> PROMPT
Since each line must match the original, copy out the records with no differences at all.

[Stored items from a collection]

*** Block opens ***

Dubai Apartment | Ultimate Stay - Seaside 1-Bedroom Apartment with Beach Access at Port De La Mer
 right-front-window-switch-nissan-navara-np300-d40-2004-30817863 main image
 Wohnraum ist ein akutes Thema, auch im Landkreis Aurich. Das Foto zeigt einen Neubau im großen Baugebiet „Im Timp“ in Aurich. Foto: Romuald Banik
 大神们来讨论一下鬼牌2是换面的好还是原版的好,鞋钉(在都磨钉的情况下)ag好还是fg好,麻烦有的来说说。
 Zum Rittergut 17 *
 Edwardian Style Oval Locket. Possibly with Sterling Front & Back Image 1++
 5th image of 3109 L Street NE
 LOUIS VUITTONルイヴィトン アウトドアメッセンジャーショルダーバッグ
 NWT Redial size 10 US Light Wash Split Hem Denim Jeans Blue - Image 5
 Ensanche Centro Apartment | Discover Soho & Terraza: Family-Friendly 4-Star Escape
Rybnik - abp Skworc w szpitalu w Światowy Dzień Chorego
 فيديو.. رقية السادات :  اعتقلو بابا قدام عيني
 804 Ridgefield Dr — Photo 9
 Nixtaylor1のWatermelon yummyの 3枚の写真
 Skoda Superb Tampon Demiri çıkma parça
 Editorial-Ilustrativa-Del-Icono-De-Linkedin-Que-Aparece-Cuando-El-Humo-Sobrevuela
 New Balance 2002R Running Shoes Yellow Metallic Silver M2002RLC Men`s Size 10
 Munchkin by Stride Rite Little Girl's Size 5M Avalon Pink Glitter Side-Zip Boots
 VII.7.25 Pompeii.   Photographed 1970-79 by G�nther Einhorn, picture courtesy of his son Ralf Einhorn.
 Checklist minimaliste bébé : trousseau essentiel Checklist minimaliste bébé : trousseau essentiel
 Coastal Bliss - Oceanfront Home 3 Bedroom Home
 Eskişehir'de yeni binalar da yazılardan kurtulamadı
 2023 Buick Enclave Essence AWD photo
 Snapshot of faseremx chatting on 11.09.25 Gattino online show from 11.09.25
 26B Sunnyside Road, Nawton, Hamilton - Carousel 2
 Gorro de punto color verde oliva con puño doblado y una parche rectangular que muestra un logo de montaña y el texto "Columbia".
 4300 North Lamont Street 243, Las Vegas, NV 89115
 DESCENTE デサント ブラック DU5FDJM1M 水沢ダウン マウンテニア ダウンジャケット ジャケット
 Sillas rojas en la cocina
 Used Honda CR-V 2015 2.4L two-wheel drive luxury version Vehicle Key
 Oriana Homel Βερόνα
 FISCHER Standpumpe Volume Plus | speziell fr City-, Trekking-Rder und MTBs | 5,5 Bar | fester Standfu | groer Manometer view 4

*** Block closes ***

> RESPONSE AREA
Dubai Apartment | Ultimate Stay - Seaside 1-Bedroom Apartment with Beach Access at Port De La Mer
 right-front-window-switch-nissan-navara-np300-d40-2004-30817863 main image
 Wohnraum ist ein akutes Thema, auch im Landkreis Aurich. Das Foto zeigt einen Neubau im großen Baugebiet „Im Timp“ in Aurich. Foto: Romuald Banik
 大神们来讨论一下鬼牌2是换面的好还是原版的好,鞋钉(在都磨钉的情况下)ag好还是fg好,麻烦有的来说说。
 Zum Rittergut 17 *
 Edwardian Style Oval Locket. Possibly with Sterling Front & Back Image 1++
 5th image of 3109 L Street NE
 LOUIS VUITTONルイヴィトン アウトドアメッセンジャーショルダーバッグ
 NWT Redial size 10 US Light Wash Split Hem Denim Jeans Blue - Image 5
 Ensanche Centro Apartment | Discover Soho & Terraza: Family-Friendly 4-Star Escape
Rybnik - abp Skworc w szpitalu w Światowy Dzień Chorego
 فيديو.. رقية السادات :  اعتقلو بابا قدام عيني
 804 Ridgefield Dr — Photo 9
 Nixtaylor1のWatermelon yummyの 3枚の写真
 Skoda Superb Tampon Demiri çıkma parça
 Editorial-Ilustrativa-Del-Icono-De-Linkedin-Que-Aparece-Cuando-El-Humo-Sobrevuela
 New Balance 2002R Running Shoes Yellow Metallic Silver M2002RLC Men`s Size 10
 Munchkin by Stride Rite Little Girl's Size 5M Avalon Pink Glitter Side-Zip Boots
 VII.7.25 Pompeii.   Photographed 1970-79 by G�nther Einhorn, picture courtesy of his son Ralf Einhorn.
 Checklist minimaliste bébé : trousseau essentiel Checklist minimaliste bébé : trousseau essentiel
 Coastal Bliss - Oceanfront Home 3 Bedroom Home
 Eskişehir'de yeni binalar da yazılardan kurtulamadı
 2023 Buick Enclave Essence AWD photo
 Snapshot of faseremx chatting on 11.09.25 Gattino online show from 11.09.25
 26B Sunnyside Road, Nawton, Hamilton - Carousel 2
 Gorro de punto color verde oliva con puño doblado y una parche rectangular que muestra un logo de montaña y el texto "Columbia".
 4300 North Lamont Street 243, Las Vegas, NV 89115
 DESCENTE デサント ブラック DU5FDJM1M 水沢ダウン マウンテニア ダウンジャケット ジャケット
 Sillas rojas en la cocina
 Used Honda CR-V 2015 2.4L two-wheel drive luxury version Vehicle Key
 Oriana Homel Βερόνα
 FISCHER Standpumpe Volume Plus | speziell fr City-, Trekking-Rder und MTBs | 5,5 Bar | fester Standfu | groer Manometer view 4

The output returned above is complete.